Nup La at 5850 m is on the Nepal-China border and is the divide between the West Rongbuk Glacier and the Ngozumpa Glacier.  The pass should be part of the accumulation zone of both glaciers.  In recent years including currently this has not been the case, this past Christmas was not a white one at the pass.  Our attention is often focused on the more easily viewed terminus of a glacier, and both of these glaciers are retreating. The changes higher on the glacier can have more far reaching implications. Bolch et al (2011) observed strong thinning in the accumulation zone on nearby Khumbu Glacier, though less than the ablation zone . This can only happen with reduced retained snowpack particularly in winter.  This has occurred with increasing air temperatures since the 1980’s. Mean annual air temperatures have increased by 0.62 °C per decade over the last 49 years; the greatest warming trend is observed in winter, the smallest in summer (Yang et al., 2011). The glaciers in the area are summer accumulation type glaciers with 70% of the annual precipitation occurring during the summer monsoon. There is little precipitation early in the winter season (November-January). The limited snowpack with warmer winter temperatures have led to high snowlines during the first few months of the winter season in recent years. Here we examine Landsat images from 1992 to 2016 to observe changes in the snowline during the early winter period.

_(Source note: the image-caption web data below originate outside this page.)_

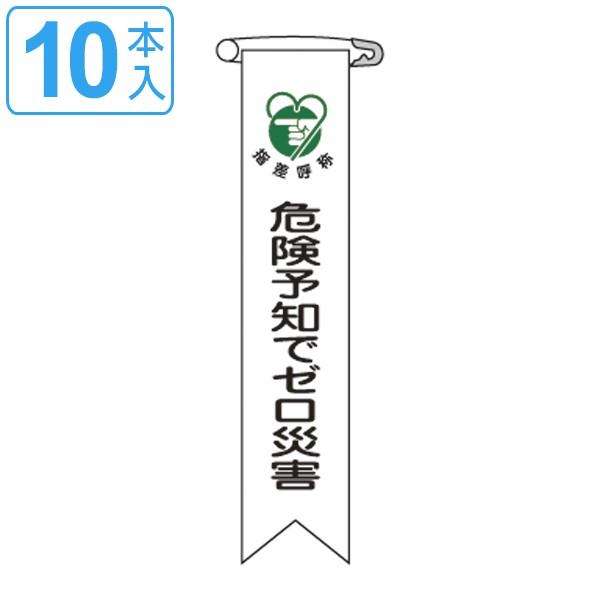 ビニールリボン リボン−21 「 危険予知でゼロ災害 」 10本1組 りぼん 日本製 （ ビニール ...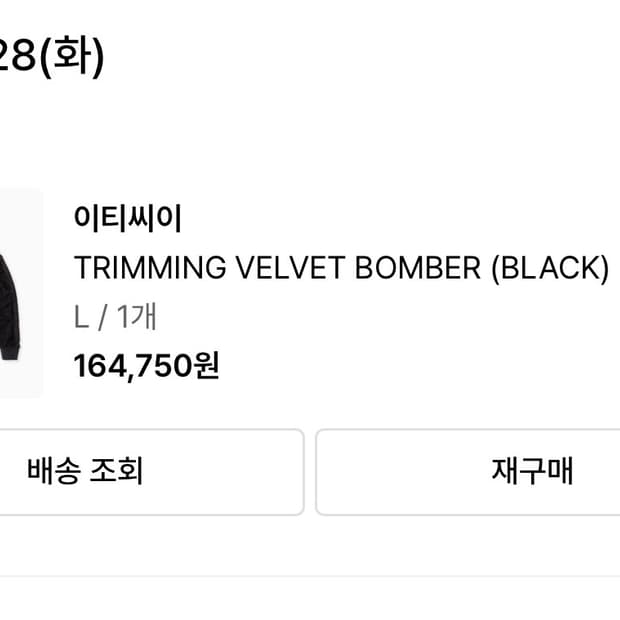 ETCE trimming 봄버자켓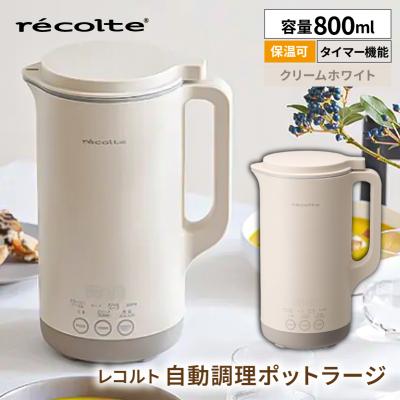 ふるさと納税 渋谷区 レコルト 自動調理ポットラージ クリームホワイト RSY-3(W) 【223022-1】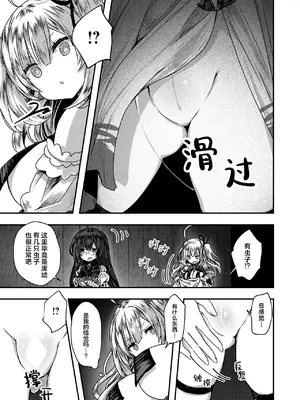 [おもち] リリアは刺激が欲しい (異世快楽天 Vol.43)｜莉莉娅想要找点刺激 [吗喽汉化组]_07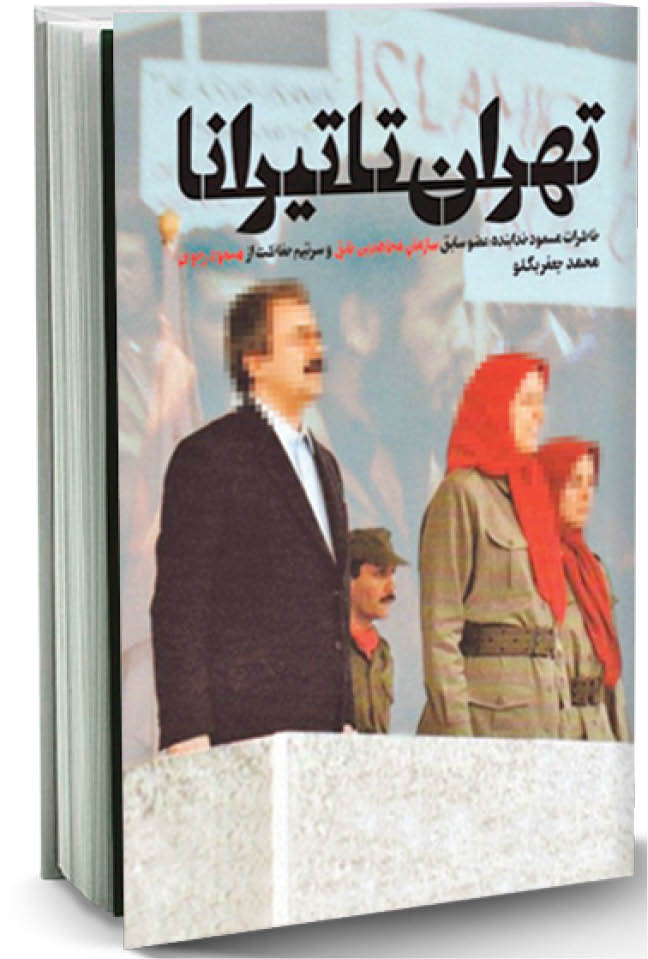عضو جداشده سازمان مجاهدین خلق در جلسه نقد کتاب«تهران تا تیرانا» مطرح کرد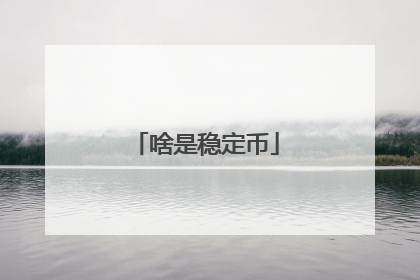 啥是稳定币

In January of 2016 the snowline is at 6100 m, which is well above Nup La and the divide between West Rongbuk and Ngozumpa Glacier.  The green arrows indicate three areas of expanding bedrock exposure occurring over the last 15 years.  This indicates thinning in this region of 5700-6000 m, which should typically be the accumulation zone.  In December 2015 three works prior to the 2016 image the situation is the same.  In November 2014 the snowline is lower at 5750 m.  In 1992 the snowline is at 5600 m, and the bedrock areas at the green arrows are reduced from above.  In November 2000 the snowline is at 5450 m and in November 2001 it is at 5600 m.  In all images prior to 2012 the snowline does not reach the region around Nup La above 5700 m during the early winter period.  In recent years the snowline has remained high, above 5700 m, significantly into the winter season almost every year, and in 2015/16 remains high three months into the winter season. This is an indication of an extended period after the summer monsoon, in which not only is snow not accumulating, but ablation can occur mostly via sublimation at elevations of Nup La. The thinning resulting has caused the expansion of bedrock areas at the green arrows and at the pink arrow.

Google Earth image of the region indicating Nup La (N), Wests Rongbuk Glacier (WR), Rongbuk Glacier (R), Ngozumpa Glacier (Ng) and Khumbu Glacier on Mount Everest (K)

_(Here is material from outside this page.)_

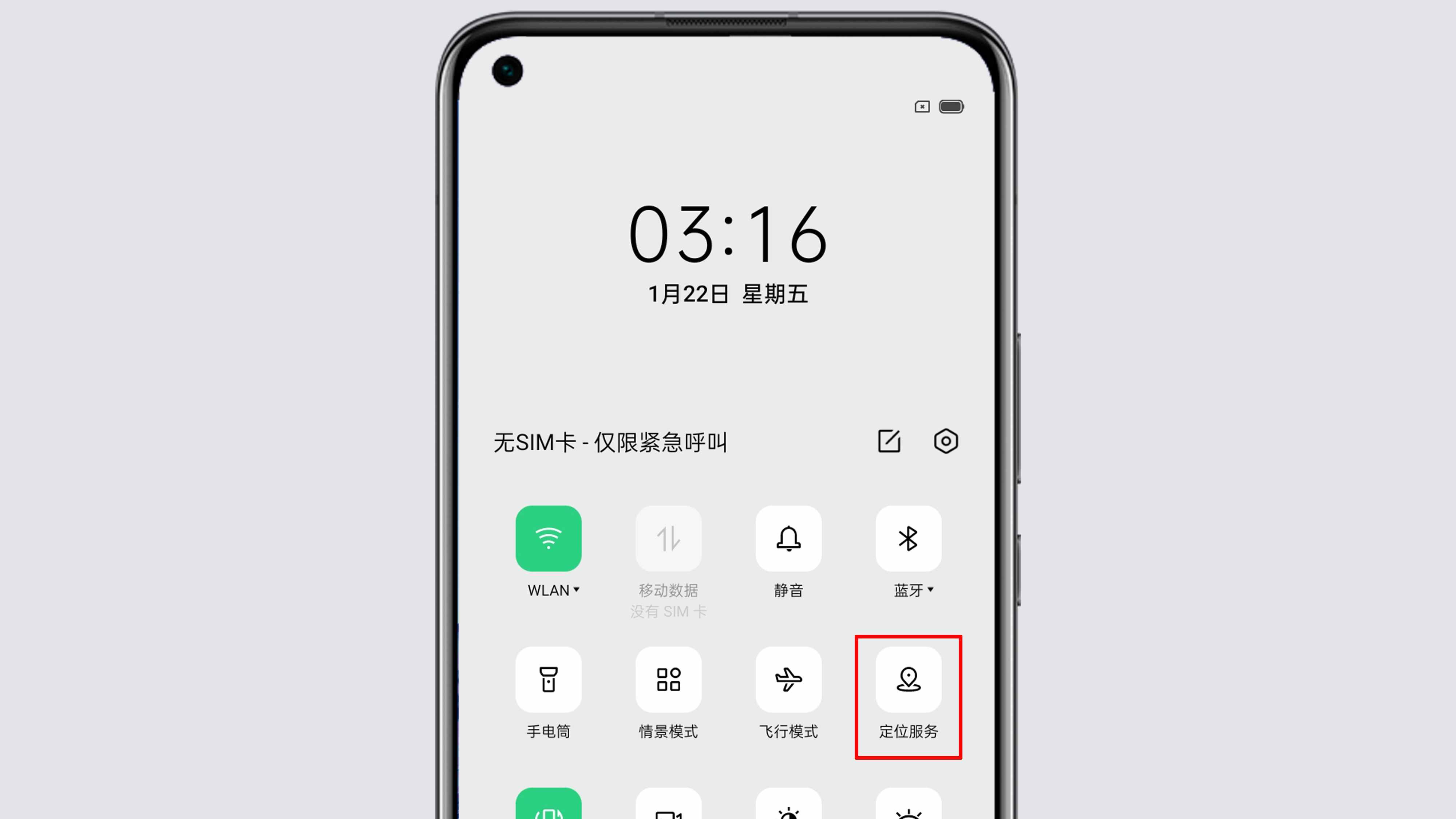 OPPO手機(jī)定位在哪里設(shè)置？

December 2015 Landsat image indicating the actual Npu La (N).  Purples dots is the snowline. Green arrows are expanding bedrock exposures and pink arrow a specific rock know amidst the glacier.

November 2014 Landsat image indicating the actual Npu La (N).  Purples dots is the snowline. Green arrows are expanding bedrock exposures and pink arrow a specific rock know amidst the glacier.

October 1992 Landsat image indicating the actual Npu La (N).  Purples dots is the snowline. Green arrows are expanding bedrock exposures and pink arrow a specific rock know amidst the glacier.

November 2000 Landsat image indicating the actual Npu La (N).  Purples dots is the snowline. Green arrows are expanding bedrock exposures and pink arrow a specific rock know amidst the glacier.

November 2001 Landsat image indicating the actual Npu La (N).  Purples dots is the snowline. Green arrows are expanding bedrock exposures and pink arrow a specific rock know amidst the glacier.

Google Earth image indicating flow paths at Nup La.